**INSTRUCTIONS TO FOLLOW:** Reproduce, please, the line that holds "Image 60 of 73 For 13600 Gulf Boulevard 700a" and all later lines through the end of the entries below, exactly; omit pictures.

Caption-style text data
──────────────────────────────
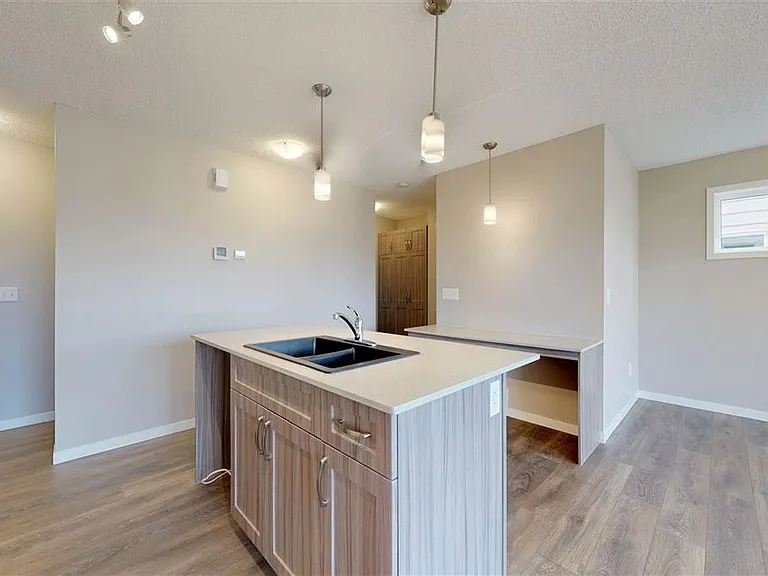 17239 9th Ave SW — Photo 3
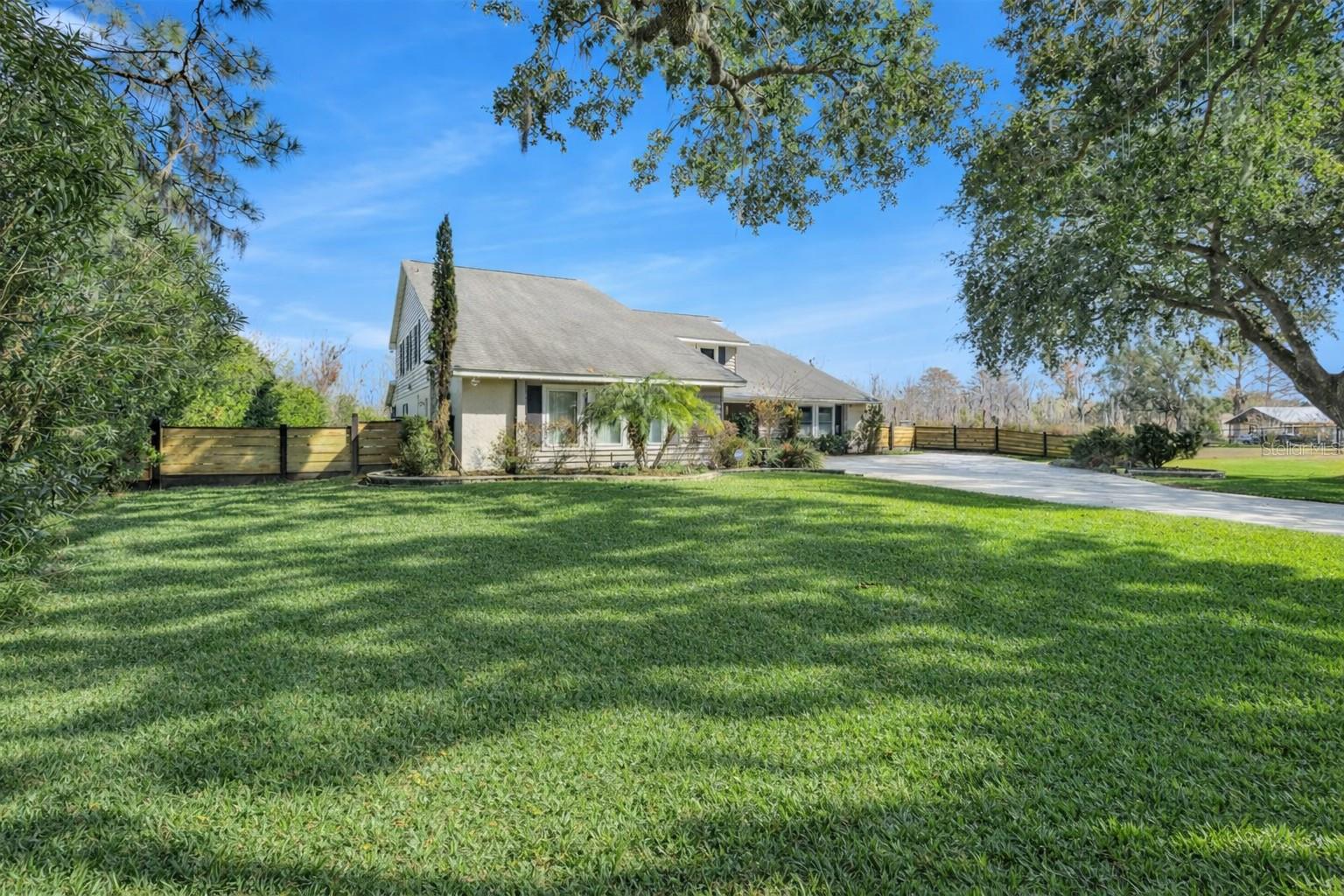 12545 S PUTNEY CT, LEESBURG, FL — photo 9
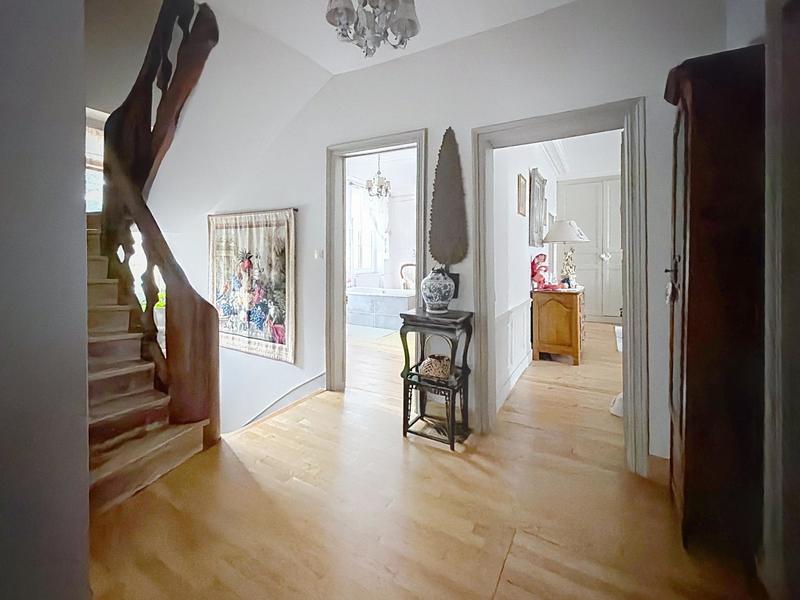 Maison de maîtres - 300 m² - 8 pièces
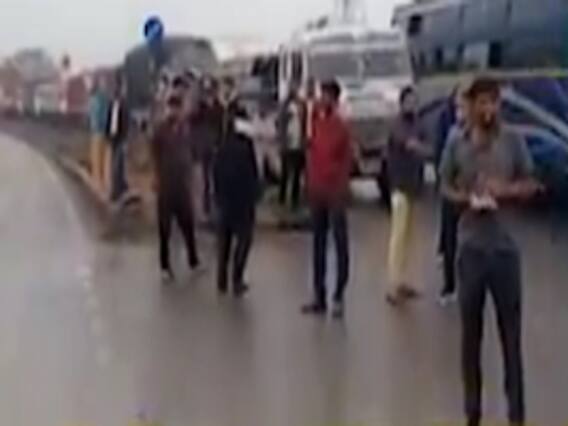 સુરતઃ કામરેજના ઉભેળ ગામ પાસે  બસ અને મોપેડ વચ્ચે અકસ્માત, સ્થાનિકોએ કર્યો ચક્કાજામ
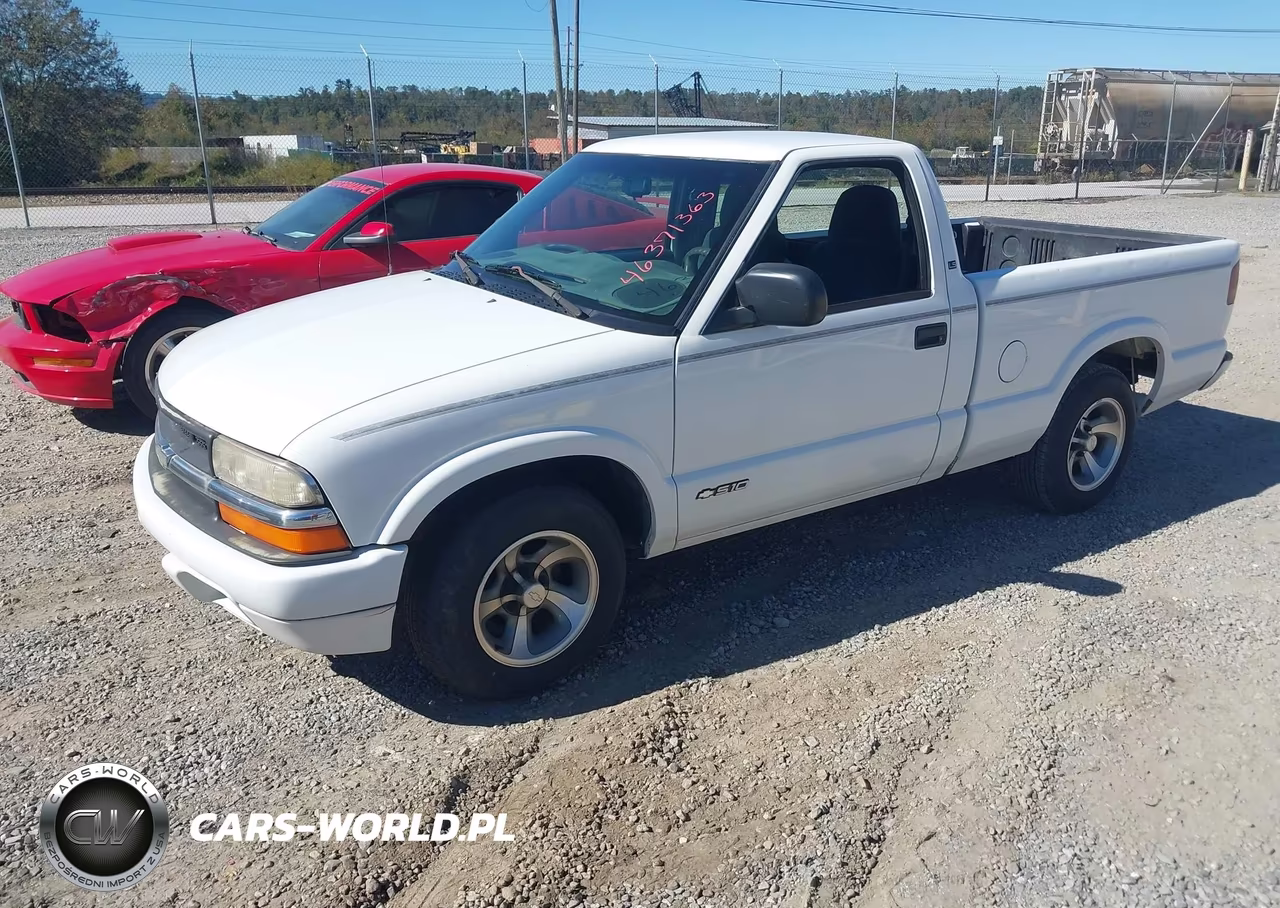 2000 Chevrolet S-10 VIN:1GCCS1447Y8158388 - 2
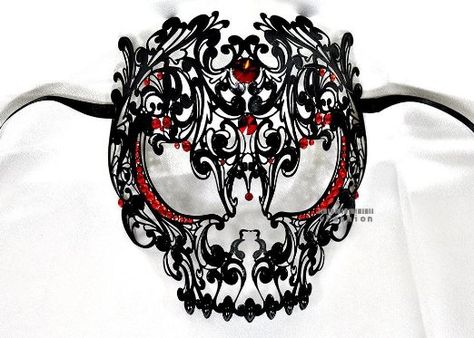 Men Devil Skull Laser Cut Venetian Masquerade Mask with Red Rhinestones Event Party Ball Mardi Gars Masquerade Ball Costume, Masquerade Mask Black, Mens Masquerade Mask, Venetian Masquerade Masks, Metal Mask, Day Of The Dead Skull, Venetian Masquerade, Metal Skull, Unique Faces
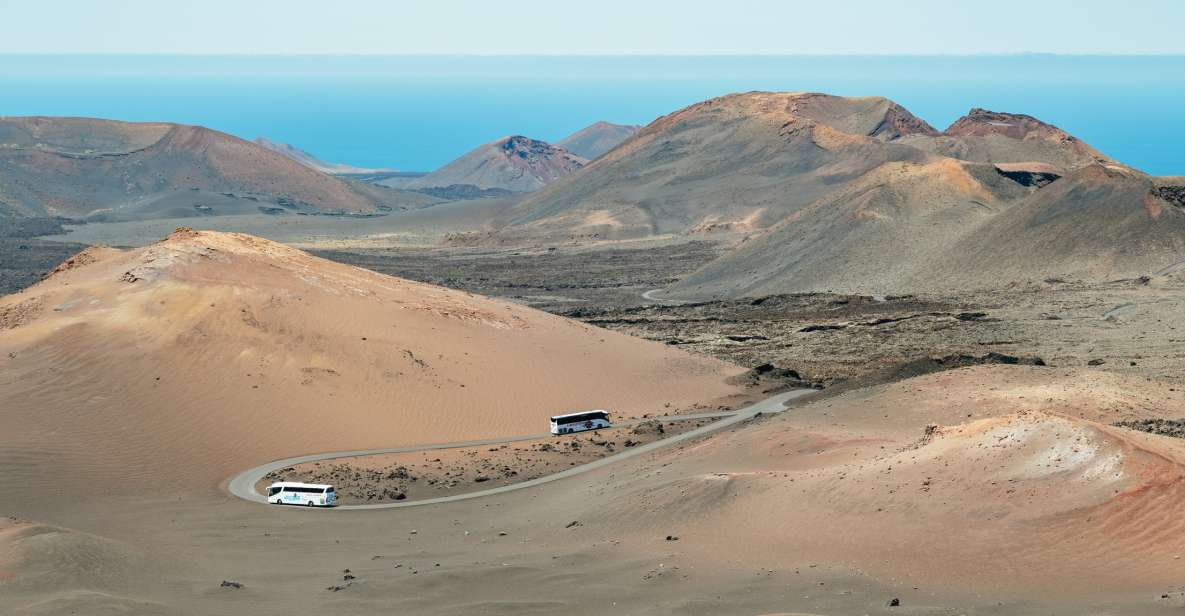 Lanzarote: Timanfaya National Park & La Geria Tour - El Golfo and the Green Lagoon: The Color Contrast You Came For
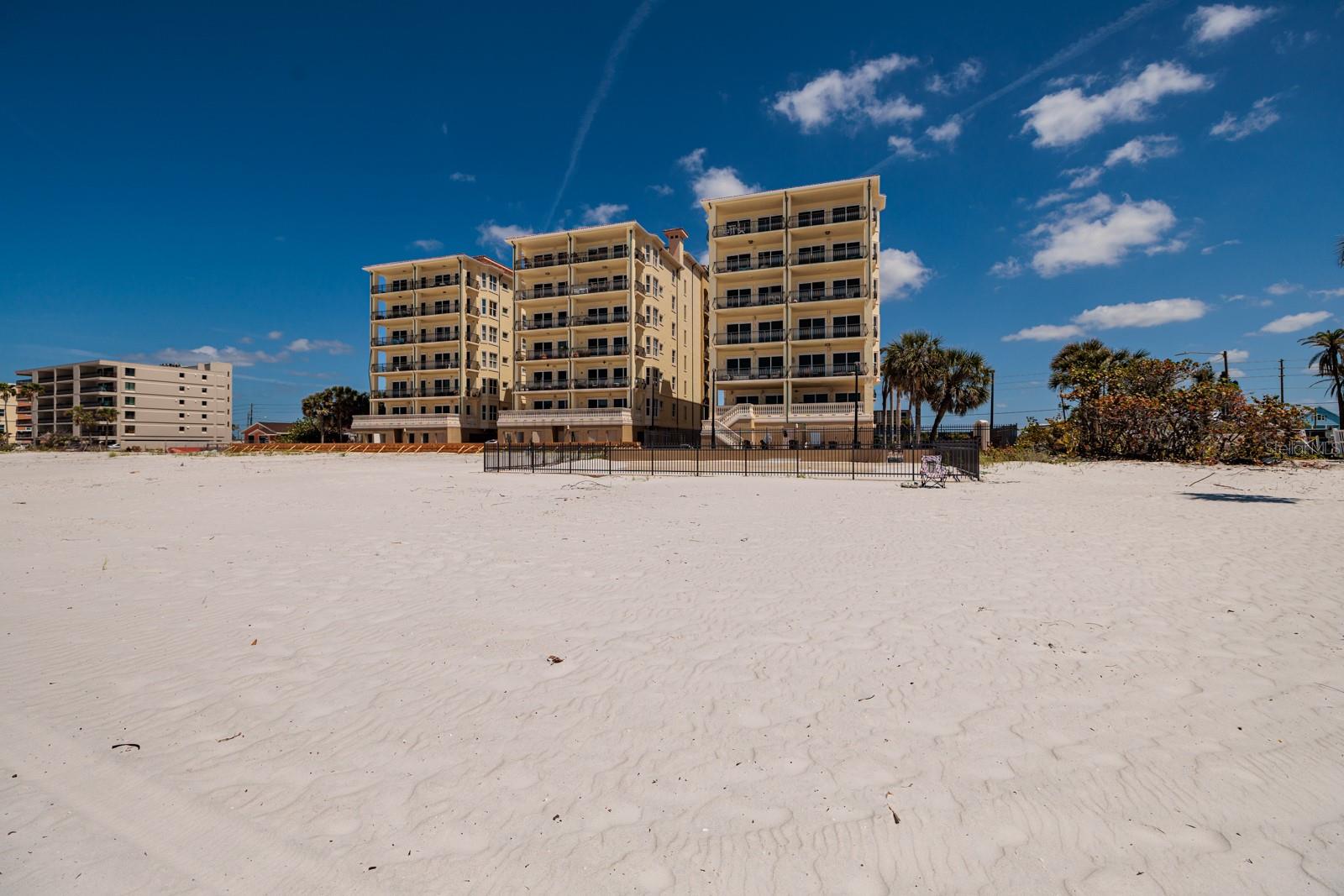 Image 60 of 73 For 13600 Gulf Boulevard 700a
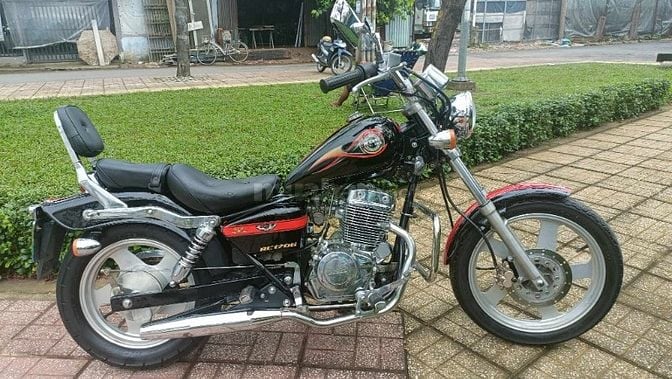 Rebel 170cc rất đẹp, máy chạy mạnh, giá rẻ bèo, giấy tờ đầy đủ hợp lệ 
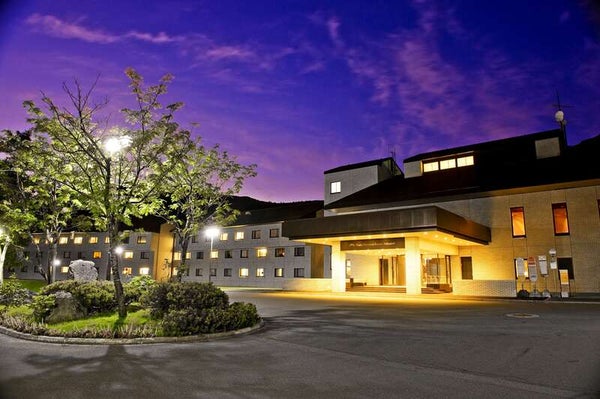 【旭川エリア発】 倶知安・三島さんの芝桜と春のニセコパノラマライン(2日間)3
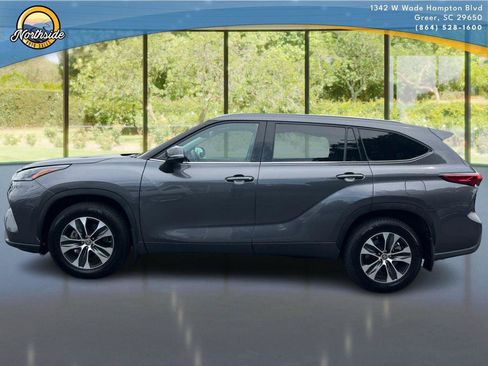 Used 2021 Toyota Highlander XLE AWD/4WD image 22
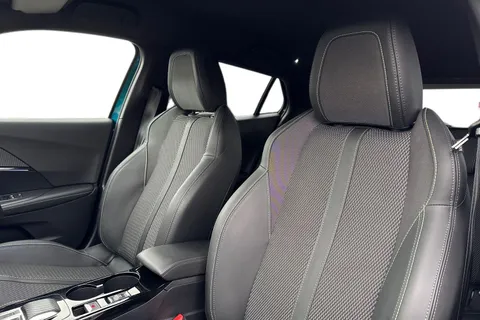 KW25OFE PEUGEOT 2008 1.2 HYBRID GT e-DSC6 Euro 6 (s/s) 5dr Thumbnail #15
──────────────────────────────
**WRITTEN SOLUTION:**
 Image 60 of 73 For 13600 Gulf Boulevard 700a
 Rebel 170cc rất đẹp, máy chạy mạnh, giá rẻ bèo, giấy tờ đầy đủ hợp lệ 
 【旭川エリア発】 倶知安・三島さんの芝桜と春のニセコパノラマライン(2日間)3
 Used 2021 Toyota Highlander XLE AWD/4WD image 22
 KW25OFE PEUGEOT 2008 1.2 HYBRID GT e-DSC6 Euro 6 (s/s) 5dr Thumbnail #15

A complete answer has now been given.